CNN reporter John Sutter is doing something quite novel in today’s media: he’s traveling to Oklahoma to understand how people skeptical of man-made global warming think.
At a time when activists and even climate scientists are refusing to debate skeptics in the media, and news outlets are excluding skeptical perspectives from letters, op-eds and news stories, Sutter is looking to “understand where they’re coming from” and “to lend an open, honest ear, to hear their stories, and to get a better sense of why this issue continues to divide too many of us.”
Sutter will travel to Woodward County, Oklahoma — the most skeptical county in the U.S., according to pollsters — and spend the week talking to global warming skeptics. About one-third of people in Woodward County say global warming isn’t happening, and of those who say it is happening, about 42 percent say it’s not man-made.
“It would be far easier to pretend climate skepticism doesn’t exist in the United States — but that also would be untrue,” Sutter wrote, going against the mantra shared by many activists that skeptics should be shunned.
“My hunch — and my hope — is that by talking with skeptics, and by honestly listening to their life stories and points of view, there will be something to learn about how we can move on as a country together,” Sutter added. “I’m a person who believes swift action is needed to blunt the potentially devastating effects of climate change. But I also understand that not everyone sees it that way. I’m genuinely curious to try to understand how the ‘other side’ thinks.”
Sutter’s plan to talk to skeptics for a week was not welcomed by the so-called “warmist” community — those who believe global warming is man-made and will be catastrophic if carbon dioxide emissions aren’t reduced.

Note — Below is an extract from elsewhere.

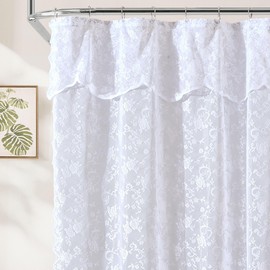 HLC.ME Harper Lace Shower Curtain for Bathroom with Floral Vine Design and Attached Valance – Elegant Victorian Classic Style (White, 72 x 84 Inch)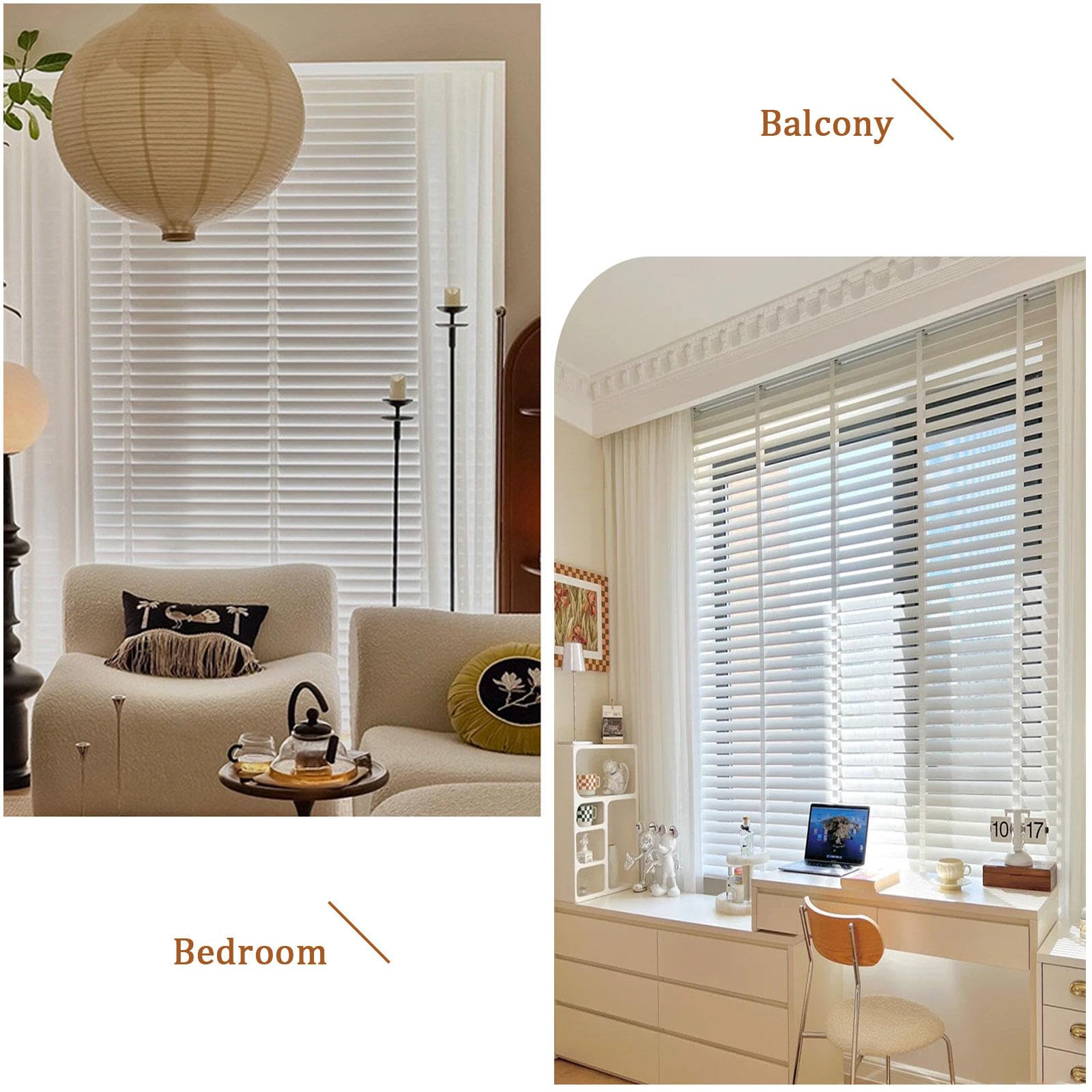 Holzjalousien, weiß, verdunkelnd, horizontal, 40–120 cm, Massivholz, 50 mm Lamellen für Innenfenster, BxH 95 x 150 cm, stilvolle Fensterabdeckung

“Polls show most people get it, overall, so I think we need to shift the conversation to solutions,” said Naomi Oreskes, a Harvard University history professor who wrote the book “Merchants of Doubt,” which claims skeptics are using tobacco industry tactics to spread global warming denial.
“Fussing about (honest) skeptics seems to me to be basically barking up the wrong tree,” she said.
“Engagement of so-called skeptics is ill-advised,” Stephan Lewandowsky, a psychologist at the University of Bristol in the UK, told Sutter. “It is a hopeless task to try to talk to them and change their minds.”
Lewandowsky recently got a paper republished on the “the role of conspiracist ideation in climate denial” after it was initially retracted over concerns it exposed the journal it was published in to defamation suits. It was recently republished in another academic journal.